© 2015 ellathompson


In my previous post about close-up concealment where I analysed the opening scene in Besson’s Léon: The Professional, I mentioned that I’d been sitting on a film idea quite similar to that scene. I want to shoot a single conversation scene entirely in extreme close ups. This idea was originally inspired by Darren Aronofsky’s signature style of quick-cut ECU montages.

Aronofsky usually enlists the help of the brilliant Matthew Libatique (DP) to achieve these mesmerising images.

There’s something about these montages. They’re sensation-oriented. Everything works on an intensified level. Extreme close ups catapult the audience into dramatic intimacy. Movement within the frame is amplified. Movement of the frame is amplified (although Aronofsky usually opts for a static frame with extreme close ups). Then, of course, there is movement between shots – extremely rapid cuts from shot to shot. Many of these shots last no more than a quarter of a second. For example, a shot instantly erupts with colour and form and movement of flame as a lighter is clicked. As quickly as all of this happens, the shot disappears and is replaced with another.
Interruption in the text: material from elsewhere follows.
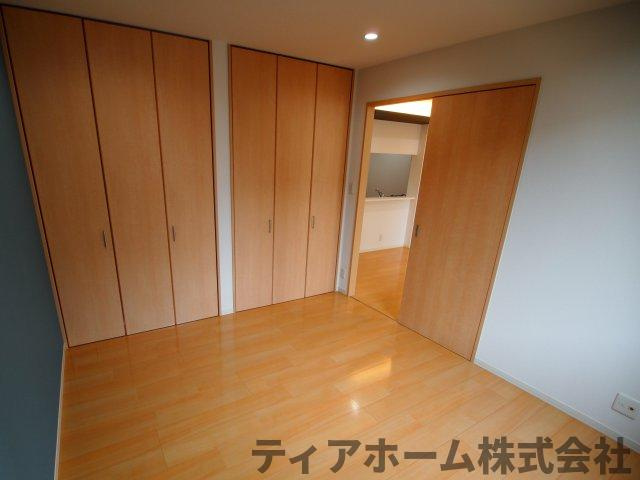 香芝市高山台１丁目のハイツの洋室|スタンダードな洋室です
In fact, these shots are so close up and transient that they abstract form from normal objects. A thumb is isolated into a strange, obscure shape – well, at least until it performs an identifying action (like clicking a lighter to make flame appear). The sound design is equally quick and close. Movements are stamped by exotic sound effects that are as narrowly-focused and fleeting as the visuals. For example, a bizarre, harsh, machine-like buzz sound accompanies the visual action of a pupil dilating rapidly. When these shots are cut successively, they only allow the audience to derive immediate sensory impressions.


Besides their collective effect, each individual shot is glorious. The lighting within each image is intense and stunning. The performance is purposeful and sharply-timed. The framing is crisp and beautiful. Each ECU shot is honed to surrealistic perfection. Each individual sound is also refined to perfection – exotic and crisp and loud and focused – before it is implemented to precisely accent a visual movement. A tiny movement becomes a grand performance. Everything is glorified. Everything is dramatic. Everything is attractive.

We are captivated by the beauty and drama in these shots and sounds and by their collective pulsing rhythm. It’s a sensational work of vicious fragmentation. Immersive. Hypnotising. Affective. Visceral. These montages may conceal the larger picture, but they reveal so much more about what is happening – specifically with the characters – than anything else could afford. They translate impulse impression to the audience – reflex-like, basal feeling that helps them empathise and identify with certain characters.


This video combines and mixes a variety of Aronofsky’s quick-cut ECU montages. It should be noted, however, that Aronofsky usually uses short montages to momentarily punctuate a scene.


I actually made a Korsakow film in second year that was originally inspired by Aronofsky’s quick-cut ECU montage. It commented on banal activities of everyday life, likening ‘normal’ experiences and mundane habits and behaviours to more extreme addictions by isolating their common qualities of rush, intimacy, and fragmentation.